* **Your task**
Set the pictures aside and transcribe exactly the lines from the one containing "Ruffled Lace Sleeve Tee - Black" through the final line of the records.

Captioned web images:
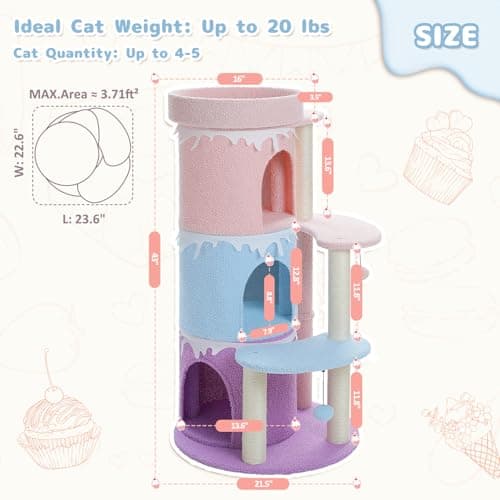 Petepela Pink 43" Cat Tree with 3 Condos for Large Cats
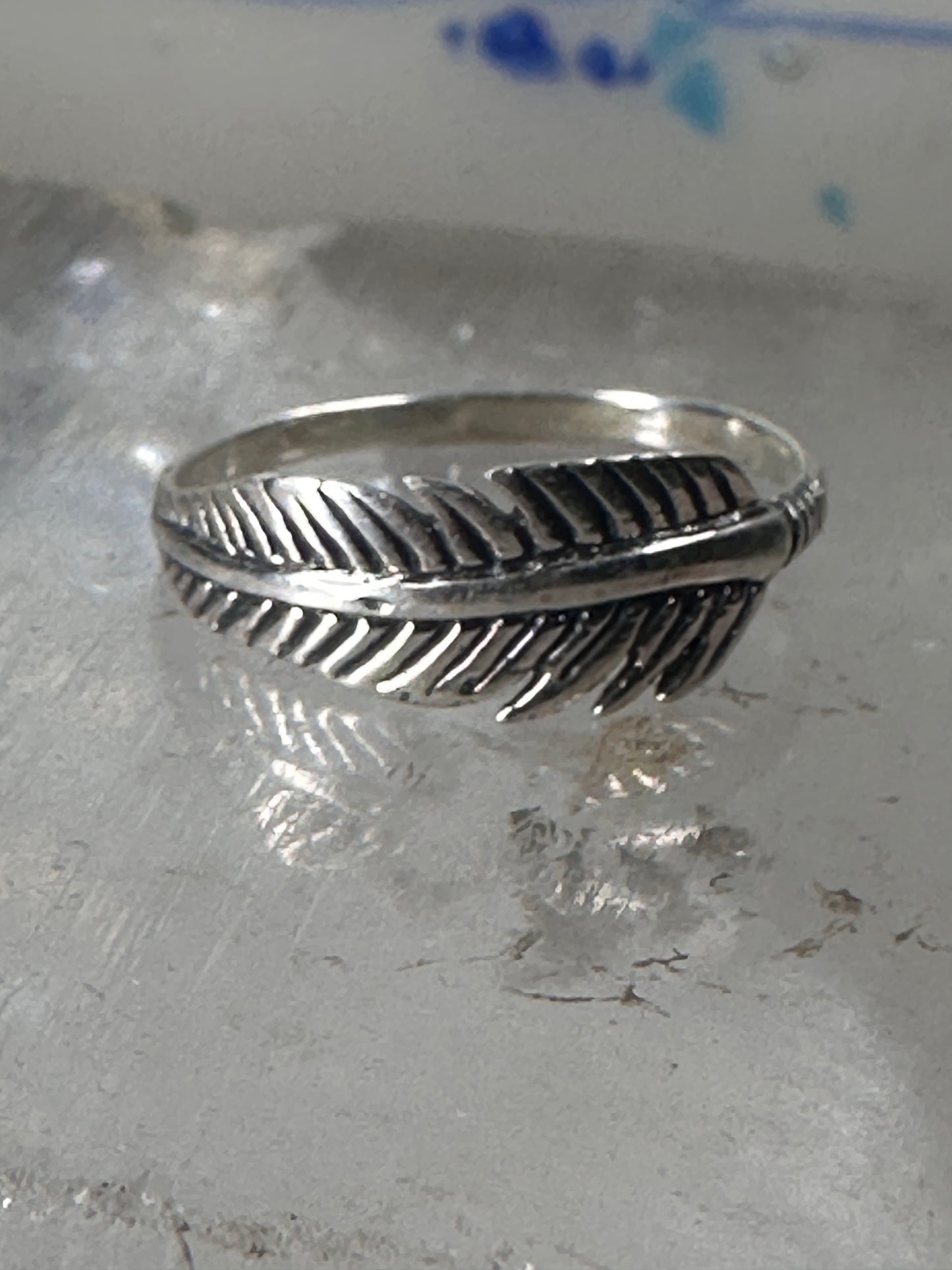 Feather ring feather stacker band size 7.50 sterling silver women girls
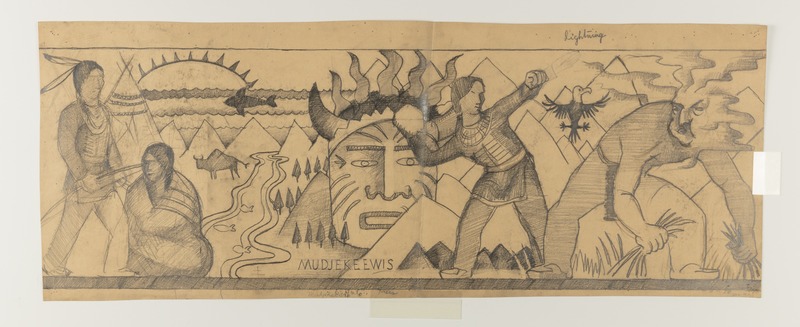 Pencil Drawing of "Mudjekeewis" Mural by Edward Mutrux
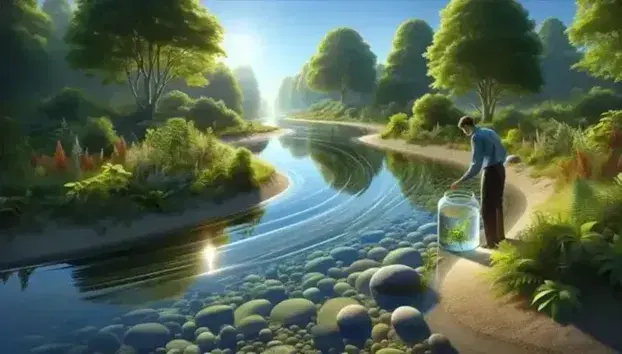 Paisaje natural con río serpenteante, vegetación frondosa y persona analizando agua en frasco transparente bajo un cielo azul con nubes dispersas.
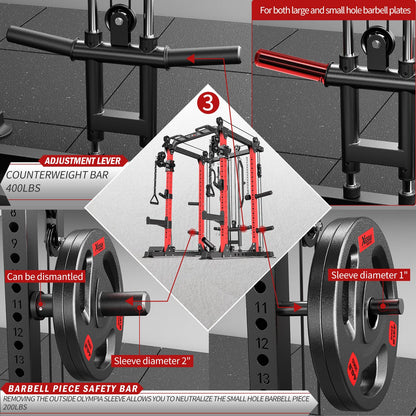 Power Rack Power Cage Multi-Function Squat Rack with Cable Crossover System Selectable More Training Attachment Power Rack for Garage & Home Gym (Red, D Set L02+Weight Bench+（Pole+Cast Iron） 248LBS)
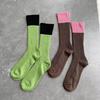 Ins Wind Same Thick Needle Color Matching Vertical Pattern Versatile Medium Tube Socks Stacking Socks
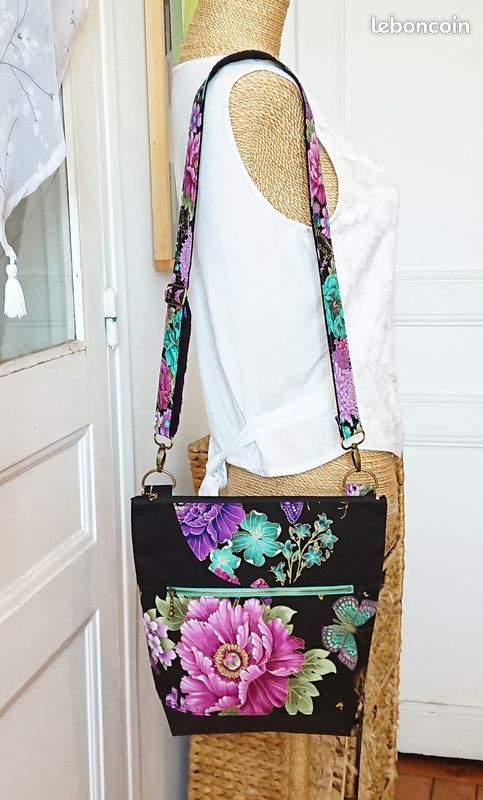 Sac à main tissu coton floral japonais, rose, turquoise, noir, triple ouverture, sangle ajustable (image 10)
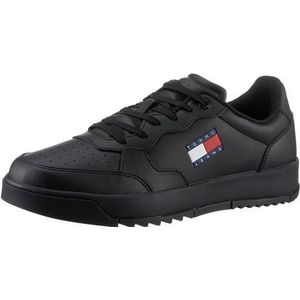 Tommy Jeansvoor mannen. EM0EM01397 Trainers Essential met gekartelde zool zwart (45), Leer, Plat, Veters, Casual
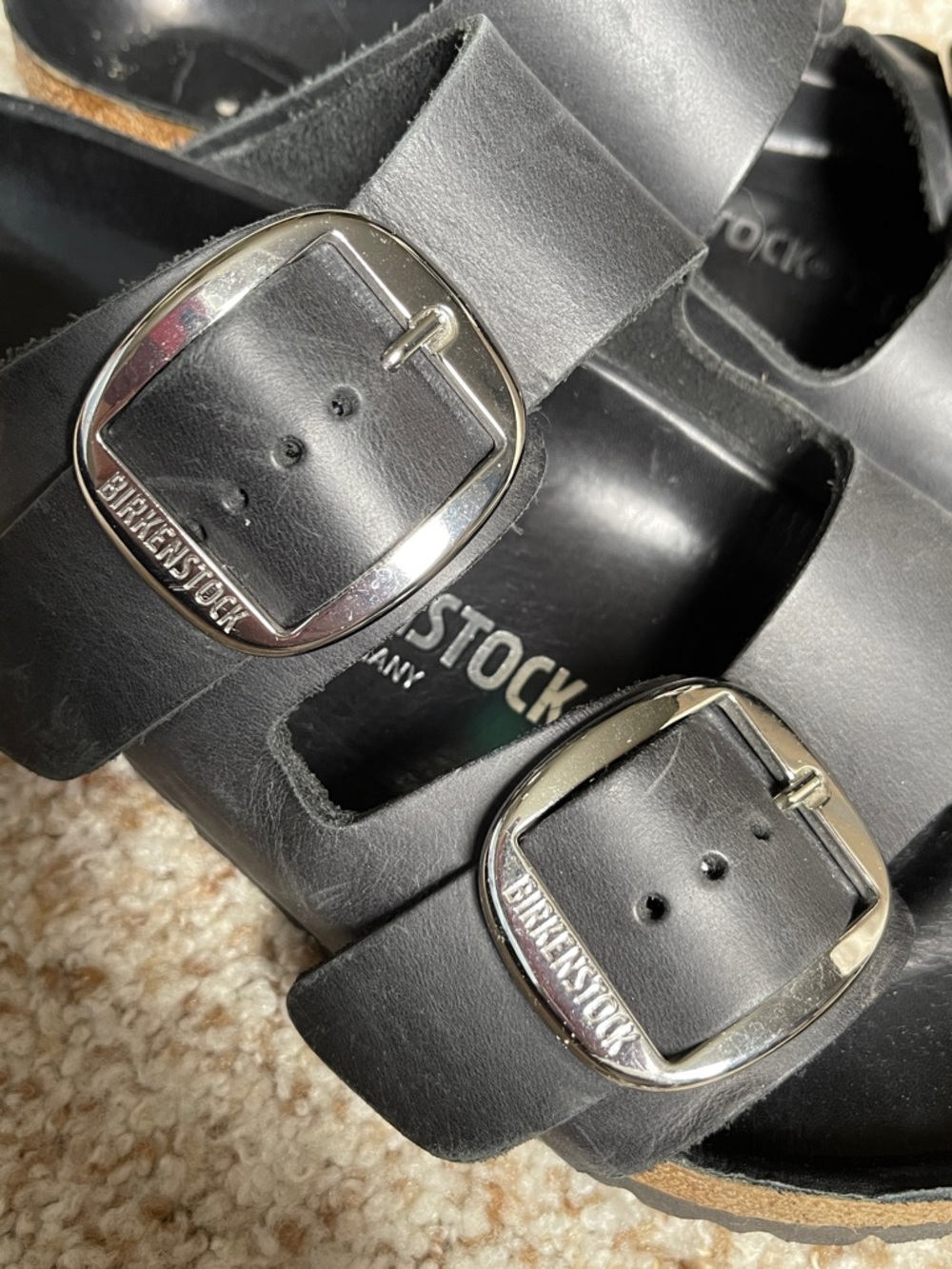 Birkenstock Double Buckle Arizona Sandals Black Size 39 - Picture 7 of 9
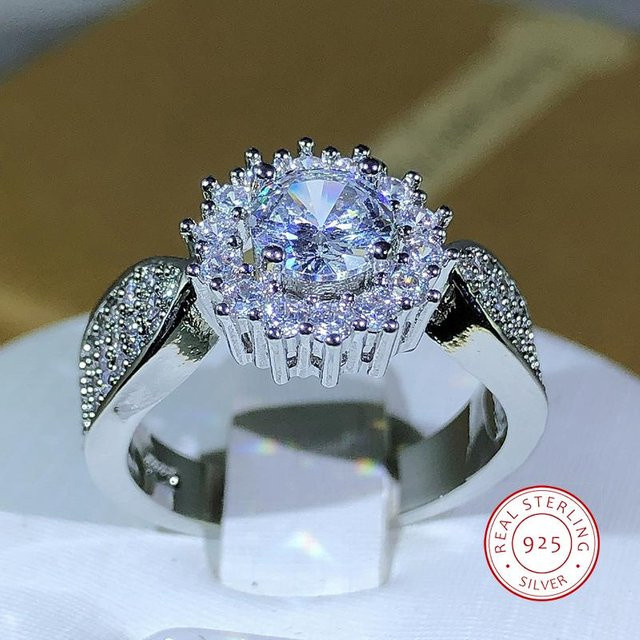 YIRAN Ring, mehrzackig, weißer Zirkon, Kupfer, Damen - Bild 1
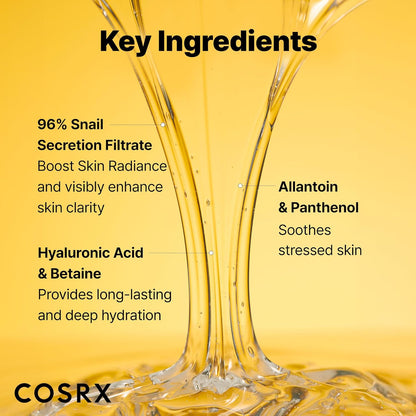 COSRX Snail Mucin 96 Essence – Hydrating Korean Face Serum for Dry, Sensitive & Dull Skin | 100ml
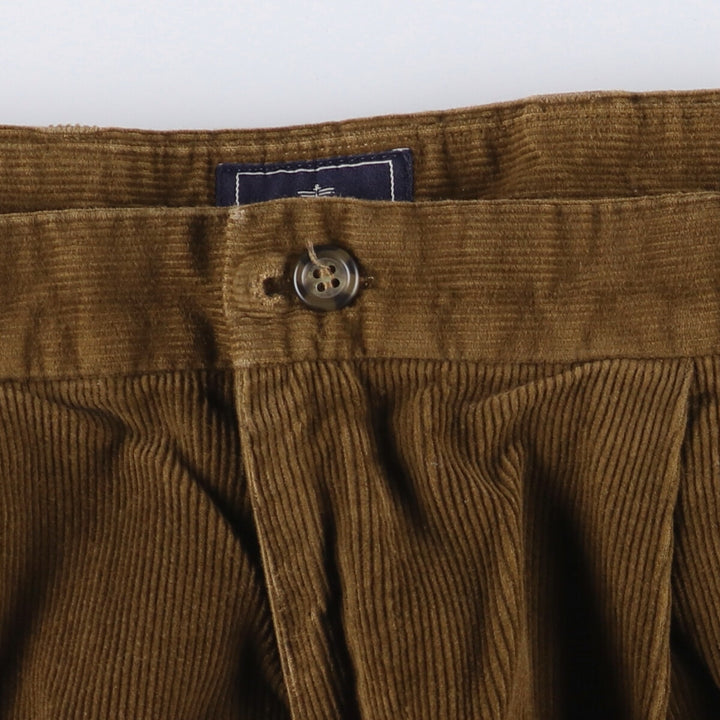 Dockers Pleated Relaxed Fit Two-Pleated Corduroy Pants, Men's, Size 35 cotton brown type Vintage Second Hand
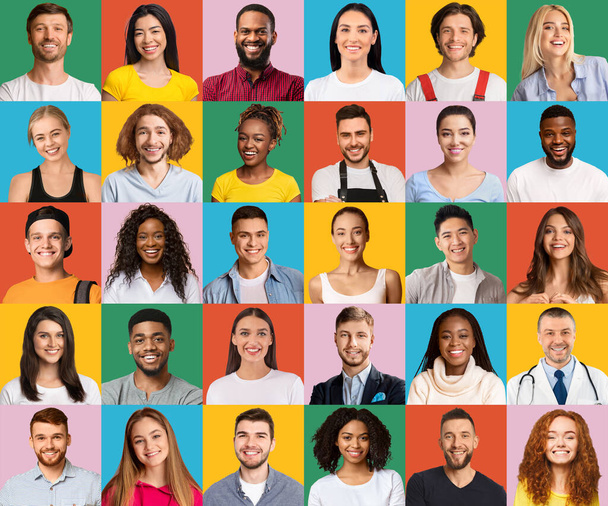 Happy Millennial People. Set Of Smiling Young Multiethnic Humans Over Colorful Backgrounds - Foto, Imagen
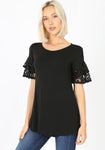 Ruffled Lace Sleeve Tee - Black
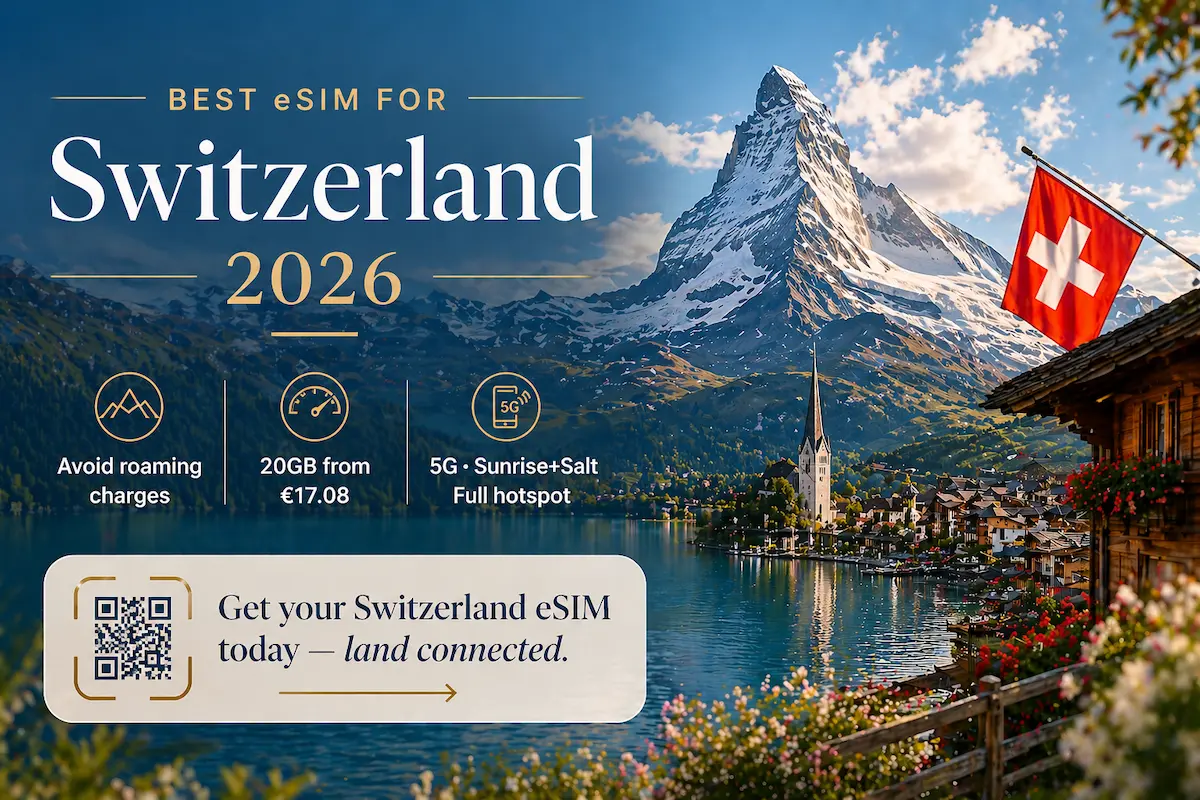 Best eSIM for Switzerland 2026 with Matterhorn view – avoid roaming charges and get 20GB from €17.08
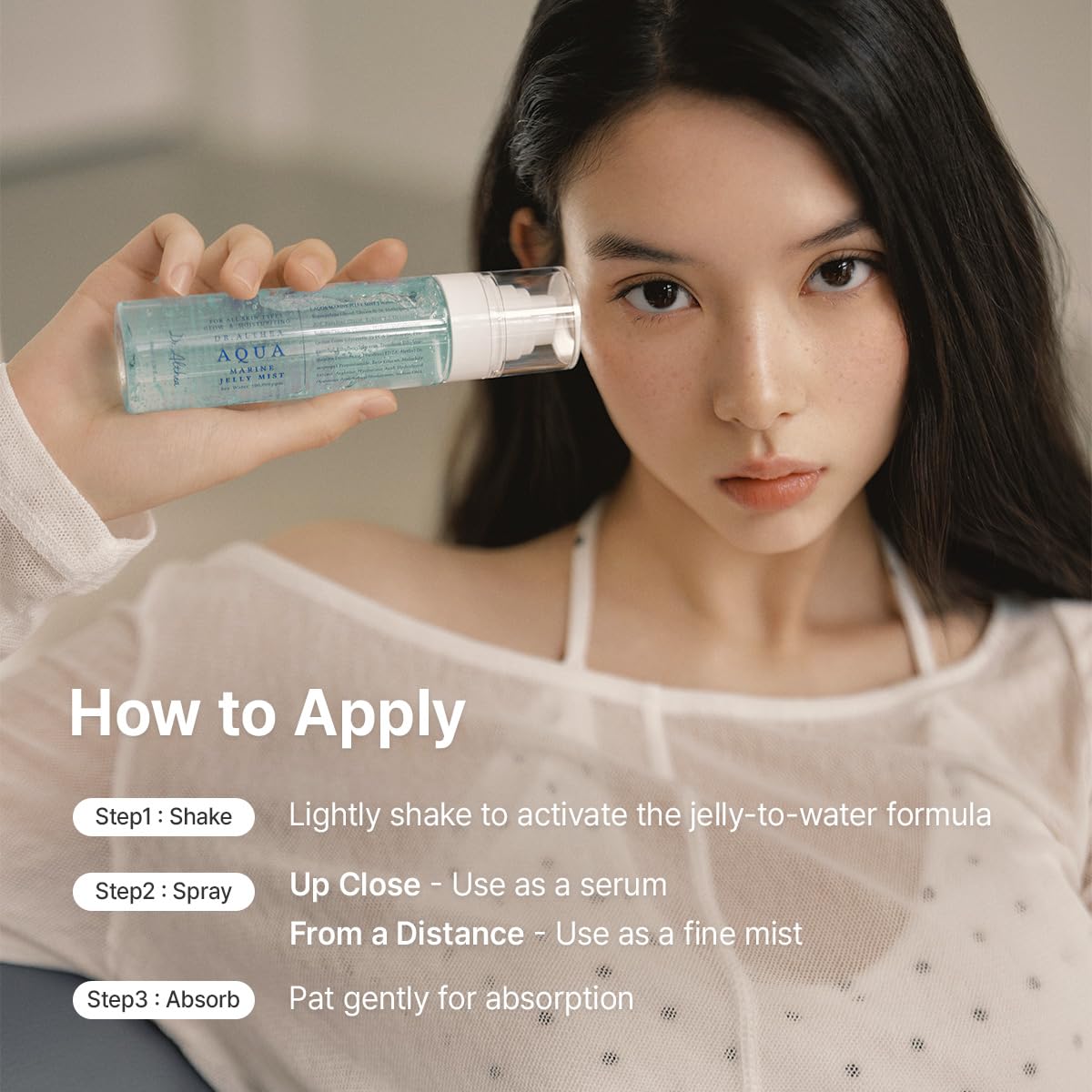 Dr.Althea mist being sprayed on face, refreshes and sets makeup without residue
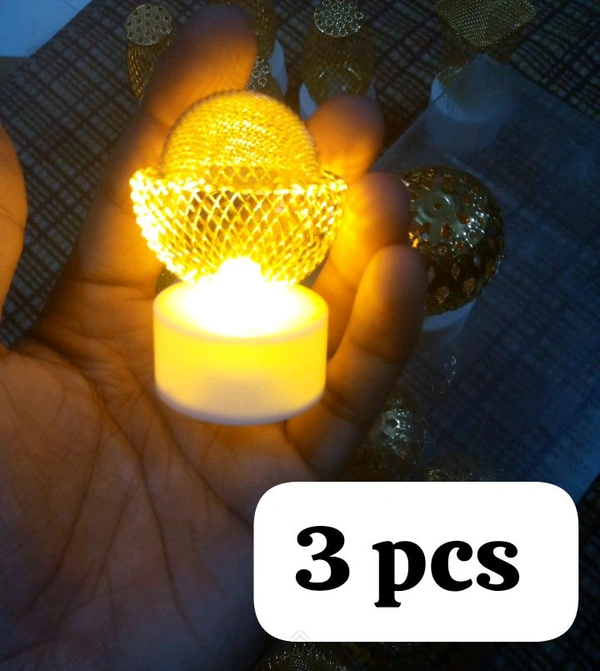 Multidesign Stylish Golden Beach Festive Decoration Night Lamp  - 3 Piece UFO Shape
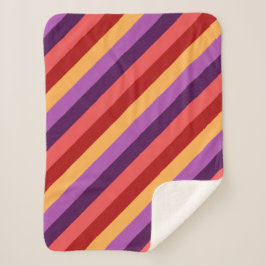 Cobertor Sherpa Cherry Red Violet Stripes Pequeno Sherpa Blanket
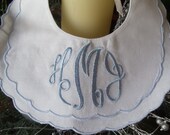 Monogrammed Double Scalloped Cotton Bib Trimmed in blue Great for  Christmas, Christening, Church,Weddings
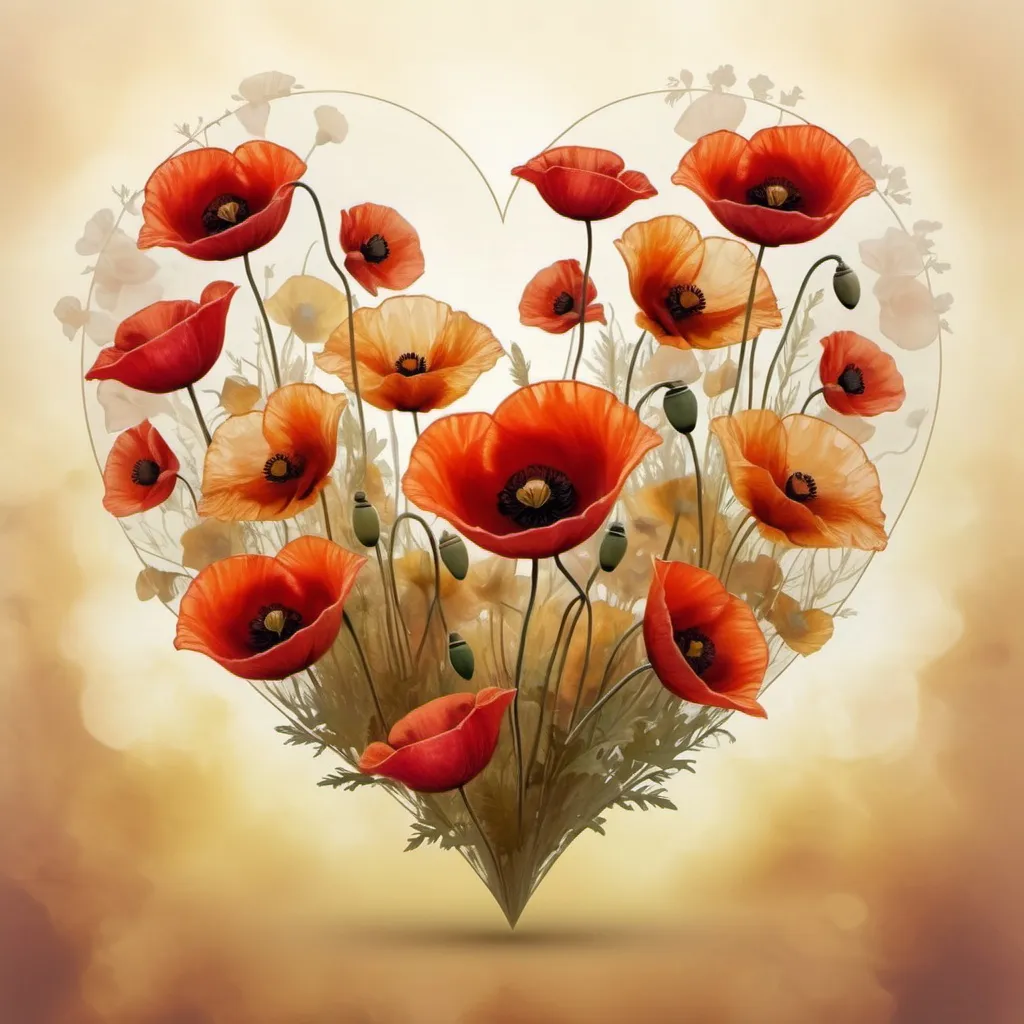 Prompt: Large heart shape with several semi-transparent poppies, dominant center poppy, yellowish mottled background, 4K quality, semi-realistic style, warm tones, soft lighting, detailed petals, floral design, ethereal atmosphere, soldier silhouette paying respect, semi-transparent, detailed, soft lighting, floral, warm tones, high quality, semi-realistic, poppies, large heart shape, detailed background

* **Exercise solution**
 Ruffled Lace Sleeve Tee - Black
 Best eSIM for Switzerland 2026 with Matterhorn view – avoid roaming charges and get 20GB from €17.08
 Dr.Althea mist being sprayed on face, refreshes and sets makeup without residue
 Multidesign Stylish Golden Beach Festive Decoration Night Lamp  - 3 Piece UFO Shape
 Cobertor Sherpa Cherry Red Violet Stripes Pequeno Sherpa Blanket
 Monogrammed Double Scalloped Cotton Bib Trimmed in blue Great for  Christmas, Christening, Church,Weddings
 Prompt: Large heart shape with several semi-transparent poppies, dominant center poppy, yellowish mottled background, 4K quality, semi-realistic style, warm tones, soft lighting, detailed petals, floral design, ethereal atmosphere, soldier silhouette paying respect, semi-transparent, detailed, soft lighting, floral, warm tones, high quality, semi-realistic, poppies, large heart shape, detailed background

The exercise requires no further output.